Skoro Joey z „Przyjaciół” płakał, czytając „Małe kobietki”, to i ja mogłem się wzruszyć, oglądając najnowszą ekranizację powieści Louisy May Alcott, w reżyserii Grety Gerwig. Historia wydaje się banalna, tak jak, niestety, banalne i pełne niesprawiedliwości były losy kobiet w drugiej połowie XIX wieku.

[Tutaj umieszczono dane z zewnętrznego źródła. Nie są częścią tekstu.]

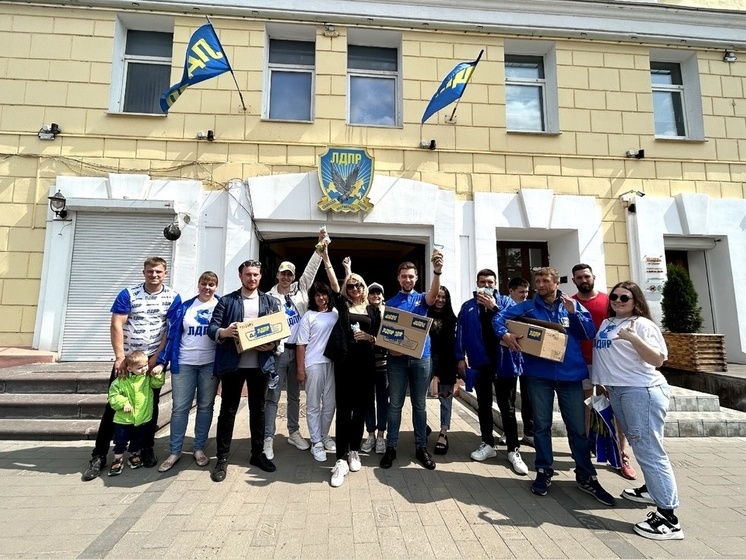Партия ЛДПР поздравила детей масштабной раздачей мороженого в самом центре Нижнего Новгорода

Plakat filmu "Małe kobietki"
Plakat filmu „Małe kobietki”

Co w tej opowieści może być ciekawego? Cztery siostry, dzieciństwo w skromnym, chociaż szczęśliwym i pełnym miłości domu, wspólne marzenia, sympatie, troski i pierwsze nieśmiałe kroki w dojrzałość. I pragnienie, by dziecięce sny wreszcie się spełniły. Nic wyjątkowego dla literatury i filmu. Ale są jeszcze małe kobietki: pełna energii, ekscentryczna Jo (Saoirse Ronan) – autorka zabawnych opowiadań i sztuk teatralnych. Utalentowana muzycznie Beth (Eliza Scanlen) i marząca o aktorskiej sławie Meg (Emma Watson) oraz Amy (Florence Pugh), która chce poświęcić się malarstwu. Wszystkie wierzą, że życie ułoży się tak, jak tego pragną. Wystarczy tylko być wierną sobie. I kochać, być dobrą, na przekór tego, co mówi świat.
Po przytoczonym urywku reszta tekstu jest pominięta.